The following year, in 351, Fu Jiàn declared himself Heavenly King. Among the various titles he handed out to his subordinates and family members, Fu Xiong in particular received the important titles of Prime Minister and Commander of all military affairs. In 352, Fu Xiong and many others recommended Fu Jiàn to further declare himself emperor. Fu Jiàn agreed and declared a general amnesty.

Later in 352, the Jin generals, Xie Shang and Yao Xiang, attacked the independent warlord Zhang Yu (張遇) at Xuchang. Fu Xiong and his nephew Fu Jing marched to Xuchang to prevent the city from falling to Jin. Fu Xiong routed Xie Shang at Chengqiao (誠橋; near Xuchang), causing him to retreat to Huainan. Yao Xiang also decided to withdraw to help Xie Shang. Fu Xiong then relocated Zhang Yu and thousands of households living under him back to the capital and placed Xuchang under Qin control.

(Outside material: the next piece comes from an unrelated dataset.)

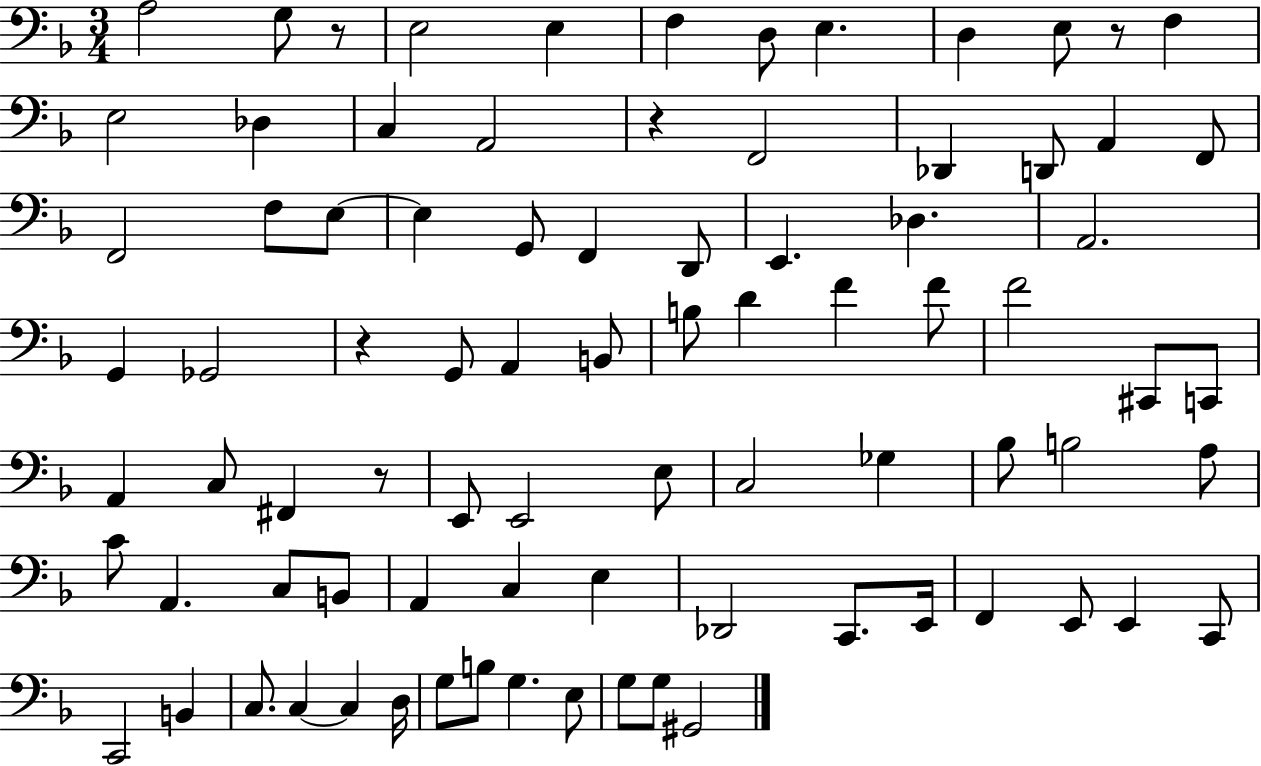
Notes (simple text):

A3/h G3/e R/e E3/h E3/q F3/q D3/e E3/q. D3/q E3/e R/e F3/q E3/h Db3/q C3/q A2/h R/q F2/h Db2/q D2/e A2/q F2/e F2/h F3/e E3/e E3/q G2/e F2/q D2/e E2/q. Db3/q. A2/h. G2/q Gb2/h R/q G2/e A2/q B2/e B3/e D4/q F4/q F4/e F4/h C#2/e C2/e A2/q C3/e F#2/q R/e E2/e E2/h E3/e C3/h Gb3/q Bb3/e B3/h A3/e C4/e A2/q. C3/e B2/e A2/q C3/q E3/q Db2/h C2/e. E2/s F2/q E2/e E2/q C2/e C2/h B2/q C3/e. C3/q C3/q D3/s G3/e B3/e G3/q. E3/e G3/e G3/e G#2/h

Near the end of the year, Fu Xiong campaigned against the Qinzhou (秦州, modern eastern Gansu) warlord Wang Zhuo at Longxi, forcing him to flee to Former Liang. In 353, Wang Zhuo struck back with reinforcements from Zhang Chonghua's generals. Fu Xiong defended with Fu Jing at Longli (龍黎, in present-day Wushan County, Gansu), where they greatly routed him, killing thousands and capturing the Liang generals Zhang Hong (張弘) and Song Xiu (宋修). In the middle of the year, Fu Xiong attacked Chouchi, defeating its Duke, Yang Chu. Due to an attempted insurrection in the capital made by Zhang Yu which triggered other minor revolts, Fu Xiong was recalled back to Chang'an to defeat the rebels. Fu Xiong put down the revolt of Kong Te (孔持) and in 354 the revolt of Zhou Cheng (周成).

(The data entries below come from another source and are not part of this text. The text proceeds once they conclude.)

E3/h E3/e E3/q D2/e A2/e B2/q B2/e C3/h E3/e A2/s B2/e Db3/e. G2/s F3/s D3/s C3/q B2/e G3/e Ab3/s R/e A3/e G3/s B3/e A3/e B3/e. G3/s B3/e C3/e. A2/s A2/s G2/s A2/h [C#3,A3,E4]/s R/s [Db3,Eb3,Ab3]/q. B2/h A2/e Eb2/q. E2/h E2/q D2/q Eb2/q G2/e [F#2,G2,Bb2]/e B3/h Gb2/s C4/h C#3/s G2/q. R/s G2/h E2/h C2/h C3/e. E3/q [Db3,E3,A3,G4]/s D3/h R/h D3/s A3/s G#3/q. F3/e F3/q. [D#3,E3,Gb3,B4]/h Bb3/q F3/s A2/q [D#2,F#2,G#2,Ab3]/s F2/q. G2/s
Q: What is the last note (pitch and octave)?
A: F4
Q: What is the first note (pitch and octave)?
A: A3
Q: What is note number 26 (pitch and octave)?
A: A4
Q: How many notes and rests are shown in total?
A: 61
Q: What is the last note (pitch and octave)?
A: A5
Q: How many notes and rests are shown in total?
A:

=== Huan Wen's 1st Northern Expedition ===
Fu Xiong faced his biggest threat yet in 354 as he faced a major invasion from Jin. The Grand Marshal, Huan Wen, invaded Qin through Jingzhou while Sima Xun attack Qin's western borders through Liangzhou with assistance from Wang Zhuo. Fu Jiàn sent Fu Xiong, Fu Chang, Fu Jing, Fu Sheng and Fu Shuo (苻碩) to repel the invasion. Fu Xiong was badly defeated at Lantian despite the heroics of his nephew Fu Sheng. He was also defeated at Bailu Plains (白鹿原, west of Lantian County, Shaanxi) by Huan Wen's younger brother Huan Chong. As Huan Wen revelled in his victory and comforted the people around Chang'an, Fu Xiong shifted his attack over to Sima Xun, defeating him at Ziwu Valley (子午峪, in present-day Xi'an, Shaanxi).

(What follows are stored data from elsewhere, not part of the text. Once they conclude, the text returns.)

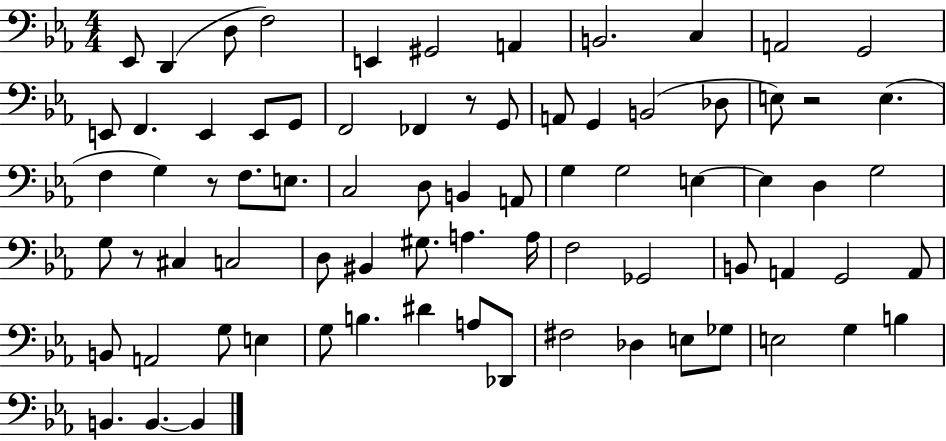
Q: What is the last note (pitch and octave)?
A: B2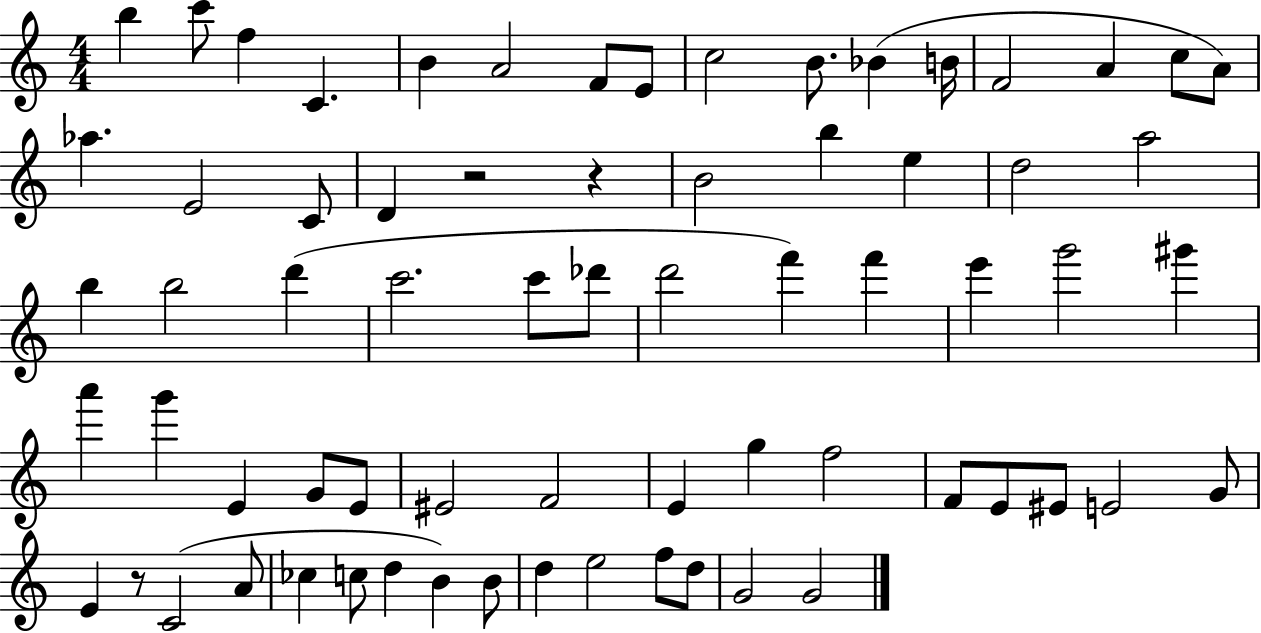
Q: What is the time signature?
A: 4/4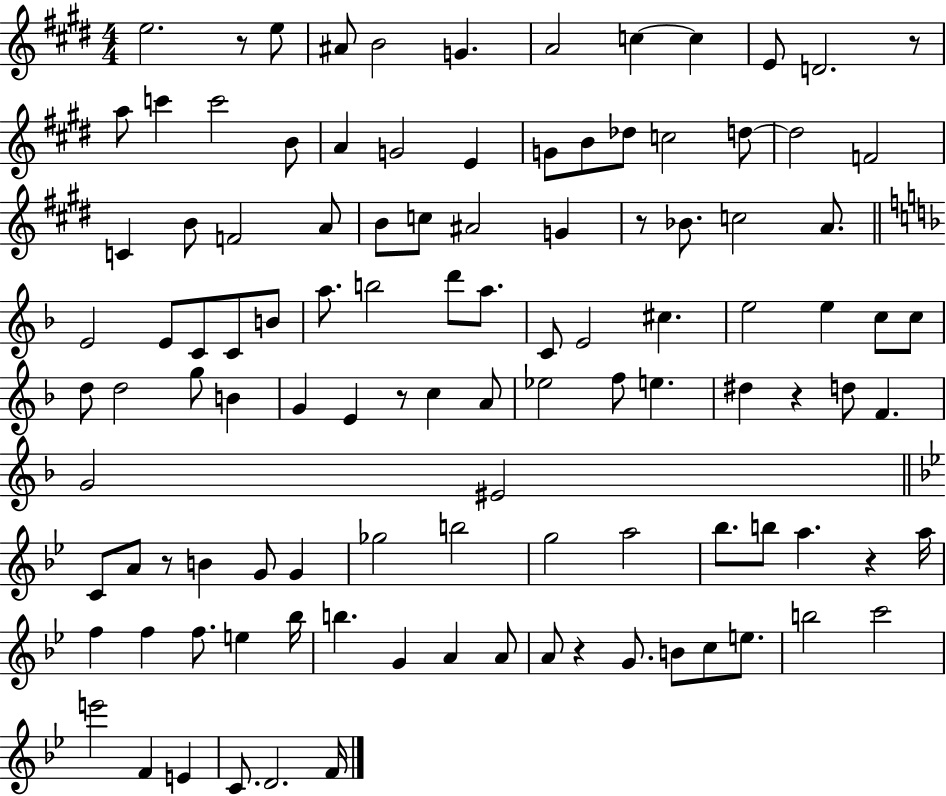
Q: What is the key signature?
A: E major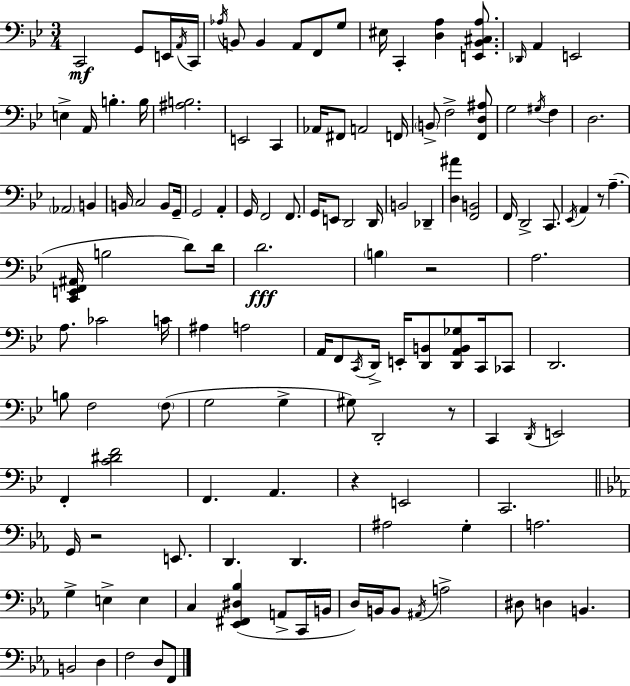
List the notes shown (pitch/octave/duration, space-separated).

C2/h G2/e E2/s A2/s C2/s Ab3/s B2/e B2/q A2/e F2/e G3/e EIS3/s C2/q [D3,A3]/q [E2,Bb2,C#3,A3]/e. Db2/s A2/q E2/h E3/q A2/s B3/q. B3/s [A#3,B3]/h. E2/h C2/q Ab2/s F#2/e A2/h F2/s B2/e F3/h [F2,D3,A#3]/e G3/h G#3/s F3/q D3/h. Ab2/h B2/q B2/s C3/h B2/e G2/s G2/h A2/q G2/s F2/h F2/e. G2/s E2/e D2/h D2/s B2/h Db2/q [D3,A#4]/q [F2,B2]/h F2/s D2/h C2/e. Eb2/s A2/q R/e A3/q. [C2,E2,F2,A#2]/s B3/h D4/e D4/s D4/h. B3/q R/h A3/h. A3/e. CES4/h C4/s A#3/q A3/h A2/s F2/e C2/s D2/s E2/s [D2,B2]/e [D2,A2,B2,Gb3]/e C2/s CES2/e D2/h. B3/e F3/h F3/e G3/h G3/q G#3/e D2/h R/e C2/q D2/s E2/h F2/q [C4,D#4,F4]/h F2/q. A2/q. R/q E2/h C2/h. G2/s R/h E2/e. D2/q. D2/q. A#3/h G3/q A3/h. G3/q E3/q E3/q C3/q [Eb2,F#2,D#3,Bb3]/q A2/e C2/s B2/s D3/s B2/s B2/e A#2/s A3/h D#3/e D3/q B2/q. B2/h D3/q F3/h D3/e F2/e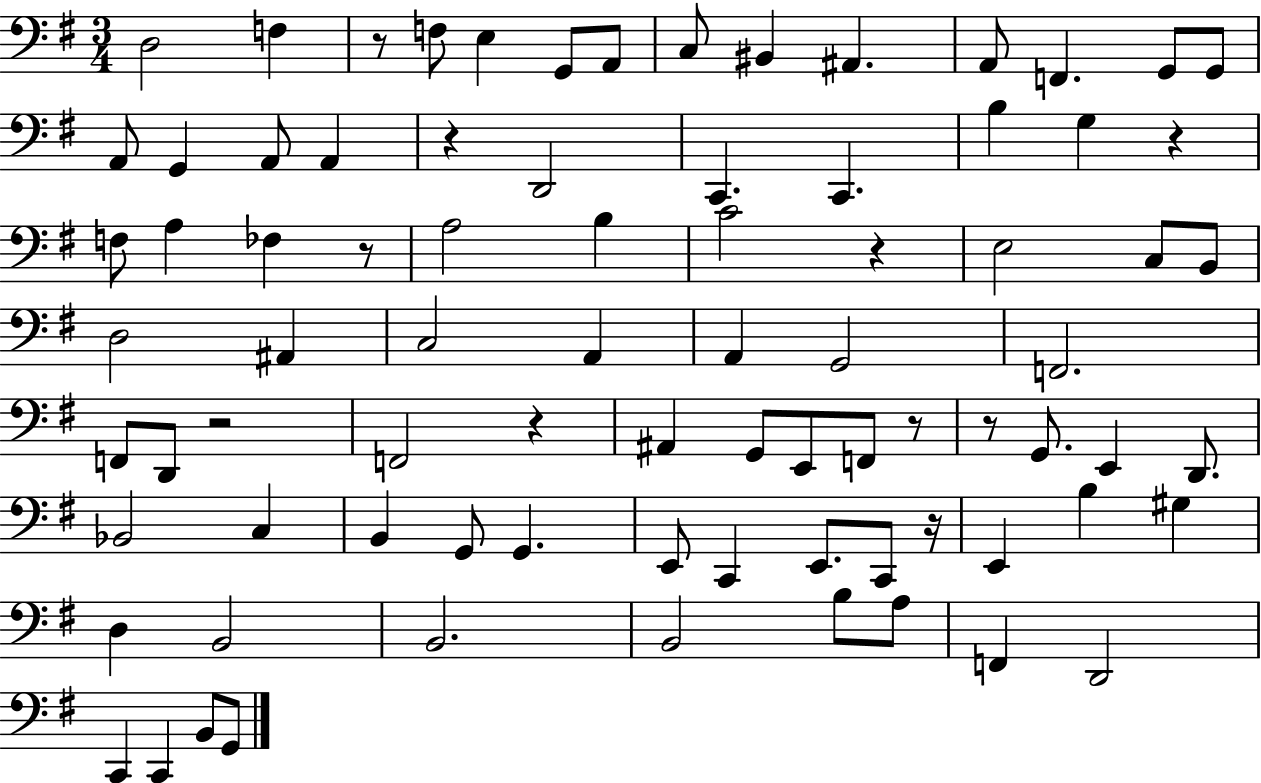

Fu Xiong fought Huan Wen at Bailu Plains again, this time getting the best of him. Huan Wen's army suffered from a shortage of food, as he initially expected there to be plenty around Chang'an. The opposite turned out true, as the Qin people had already harvested their crops prior to his coming. The fighting left more than ten thousand dead, so Huan Wen retreated from Guanzhong while bringing along thousands of those living in Qin lands. With Huan Wen dealt with, Fu Xiong drove out Sima Xun and Wang Zhuo out of Chenchang.

=== Death and posthumous honours ===
Fu Xiong led his final campaign against Qiao Bing (喬秉) in Yongzhou. He died during the campaign from natural cause on July 26. Fu Jiàn grew distressed from his death, lamenting, "Does Heaven not want me to conquer the Four Seas? Why else would they take my Yuancai!" He posthumously named Fu Xiong Prince Jingwu and Prince of Wei. Fu Xiong was succeeded by his son Fu Jiān. In 357, Fu Jiān killed his tyrannical cousin and emperor Fu Sheng and took the throne. He posthumously honoured his father as Emperor Wenhuan after his ascension.